Отчаянней прежнего чувствовал Мартин, что весь округ не сводит с него глаз. Он не был жаден до похвал; не воображал, что ему подобает занимать более высокое место; но как ни боролся он с собою, он мысленно видел себя отдельно от Уитсильвании и тихо плетущихся лет деревенской практики.
Вдруг, непредвиденным образом, когда в восторге перед Сонделиусом и войной за здоровье Мартин забыл свою лабораторную гордость, случай втянул его снова в исследовательскую работу.
В округе Кринсен появился среди скота симптоматический карбункул, или, как называют эту болезнь в Америке, — «черная нога». Пригласили ветеринара из главного города штата, впрыскивали вакцину Досон Ханзикера, но эпидемия распространялась. Мартин слышал жалобы фермеров. Отметил, что у животных после прививки не появлялось воспаления, не поднималась температура. И он заподозрил, что вакцина Ханзикера содержит слишком мало живых микробов, и ринулся, как борзая, по следу своей гипотезы.

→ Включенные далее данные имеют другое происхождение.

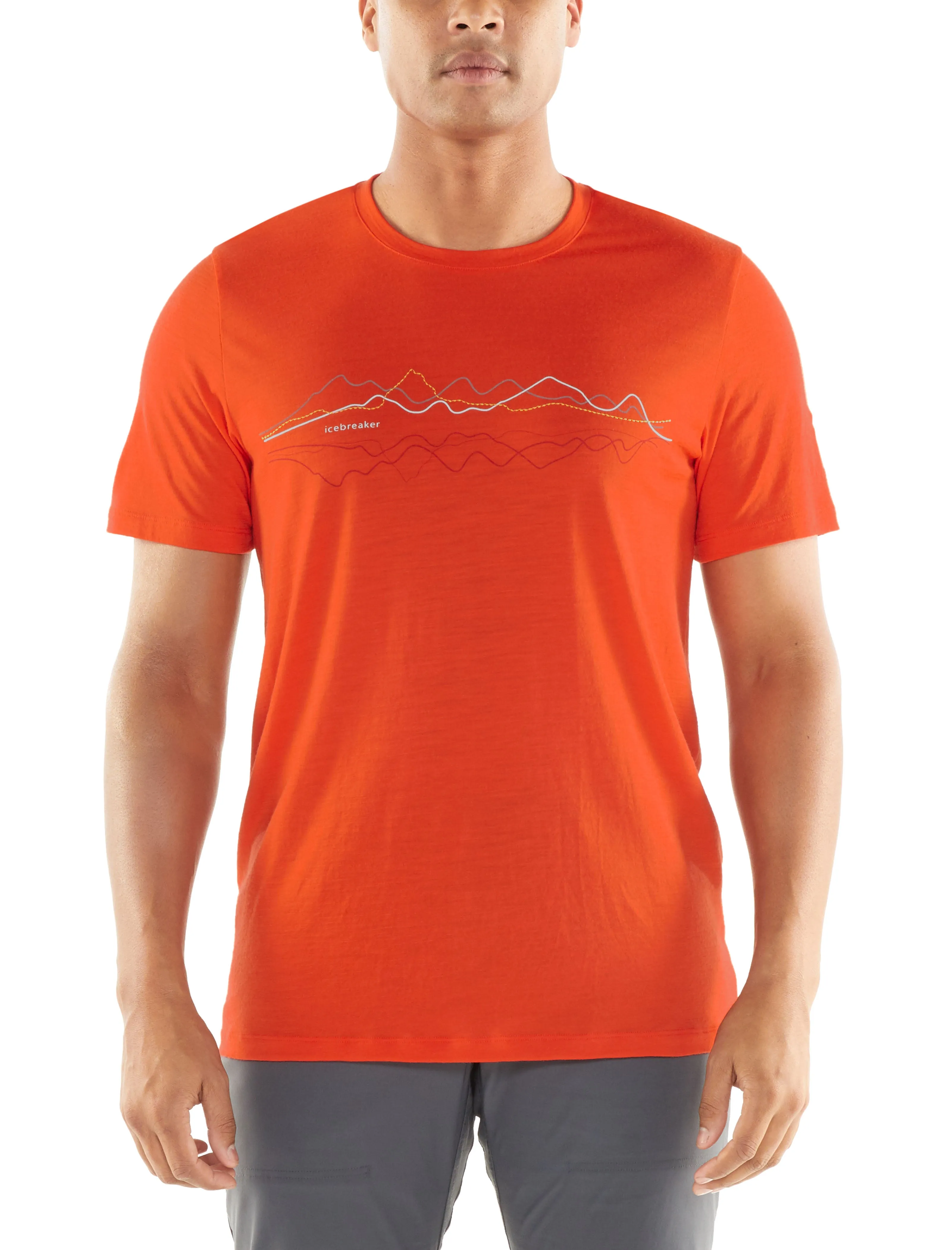 icebreaker Merino Men's 150 Tech Lite Short Sleeve Crewe  Mountain Line T-Shirt - Blue Carrot Red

Он раздобыл (прибегнув к подлогу) некоторый запас вакцины и стал ее испытывать в душном чулане, заменявшем ему лабораторию. Пришлось изобрести собственный способ посева анаэробных культур, но он недаром учился у Готлиба, который любил говорить: «Если человек не умеет, когда нужно, сделать фильтр из зубочистки, то пусть он лучше вместе с прекрасным оборудованием покупает и результат своих опытов». Из большой банки для варенья и запаянной трубки Мартин соорудил свой аппарат.